Children’s senator ‘can’t understand delay’ in appointing digital safety czar
SENATOR Catherine Noone has said she is strongly in favour of establishing a Digital Safety Commissioner and that she doesn’t ‘understand the delay’.
She also said the Cabinet should also consider creating a ‘minister for the online world’ the next time a government is formed.
The Fine Gael Senator was speaking just days after the broadcast of a chilling Channel 4 documentary about Facebook, which included the undercover filming of Dublin-based online moderators and sparked outrage over the content allowed on the social media site.
Ms Noone is herparty’s Seanad spokeswoman for Children and Youth Affairs, and was also part of the Oireachtas committee which earlier this year produced a report recommending the appointment of a Digital Safety Commissioner.
While she acknowledged the delay is perhaps because ‘it is not a straightforward office to set up’ as it is ‘not just one person; it would require a whole team’.
Ms Noone told the Mail: ‘In view of the way things are going with technology and the fact that the vast majority of young people spend a huge proportion of their lives online, I really think that we are going to need a minister for the online world [and] not only a Digital Safety Commissioner.
‘In the meantime, I do not understand what the delay is when it comes to a Digital Safety Commissioner and I wish somebody would explain to me what is causing the delay,’ she said. ‘I am quite receptive to reasonable explanation, but everything we have heard in the Children’s Committee and everything we have heard since is that there is only one thing to do in this scenario – to find somebody to oversee the behaviour of social media firms and others online…
‘There is a lacuna at the moment when it comes to legislation and this also needs to be addressed urgently.’ She added: ‘The revelations that we saw on Dispatches showed they are categorically willing to put money before their social responsibility.’
The Senator welcomed comments from the Taoiseach that he was looking at introducing fines for social media companies to ensure they uphold basic standards of decency, and she hailed it as being ‘very positive’.
But she believes in the absence of a Digital Safety Commissioner. ‘It is in a way like talking about introducing legislation for certain acts to be criminal, without having gardaí to police them,’ she said.

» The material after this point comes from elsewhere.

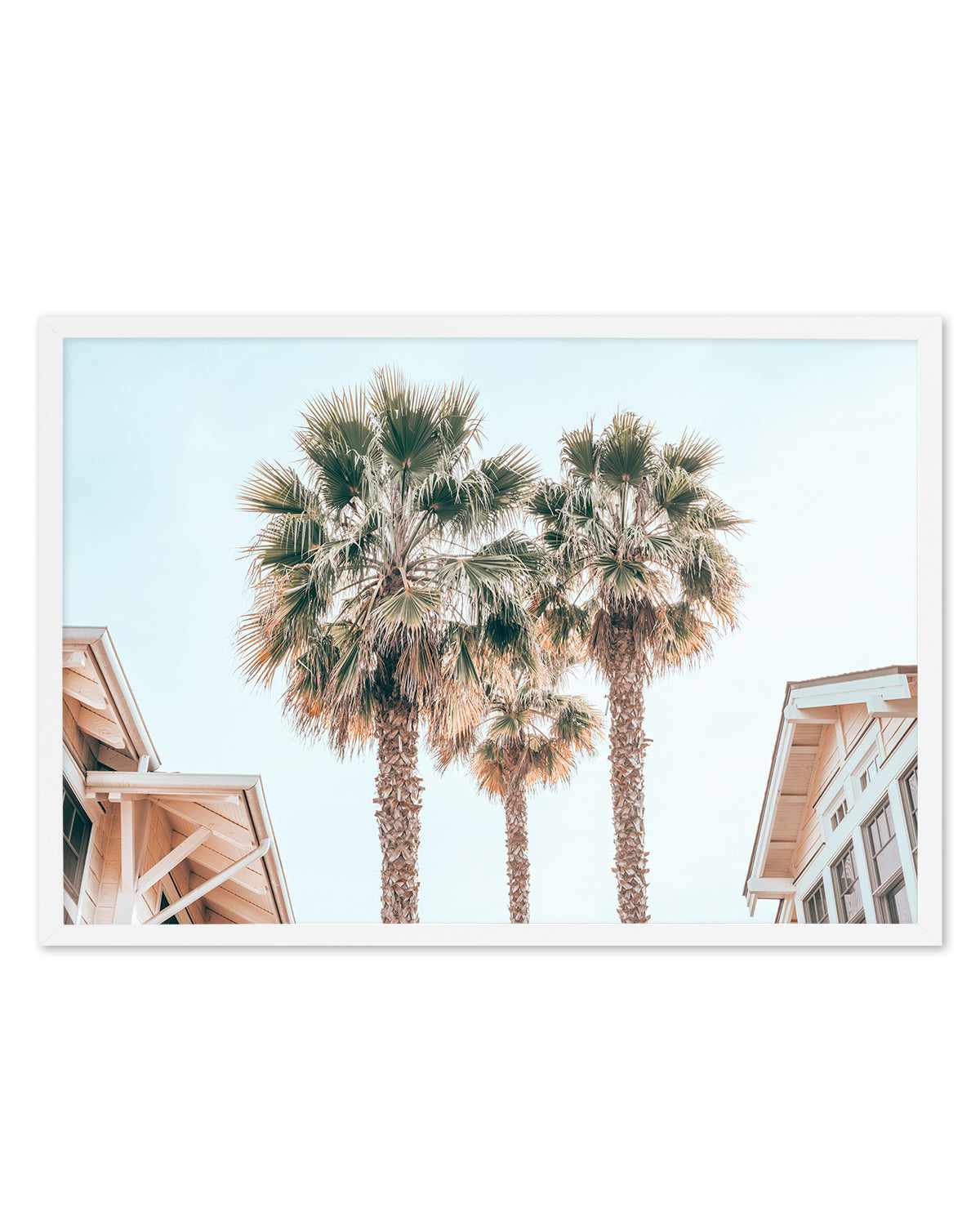 Three Palms, Palm Springs Art Print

Fianna Fáil’s Thomas Byrne said the Taoiseach’s remarks about potential fines was simply ‘another example of Leo just saying something off the top of his head, speaking as a commentator – he might as well be a columnist in a newspaper offering his opinion’.
Speaking yesterday at Leinster House, Mr Byrne said: ‘Columnists are important, but the Taoiseach can actually act and do something.
‘So, I mean if he wants to be Taoiseach, let him be Taoiseach and do something about it.
‘There is a proposal there to have a Digital Safety Commissioner put in place and they have hummed and hawed about that again.’
He said this is ‘not a question of being anti-social media, we are all in favour of social media’, rather ‘it’s a question of regulating industries’.
‘Pretty much all industries are regulated; television is regulated, radio is regulated, newspapers are regulated to an extent as well. ‘That is all we are looking for. ‘And I think it is reasonable that be done,’ he said.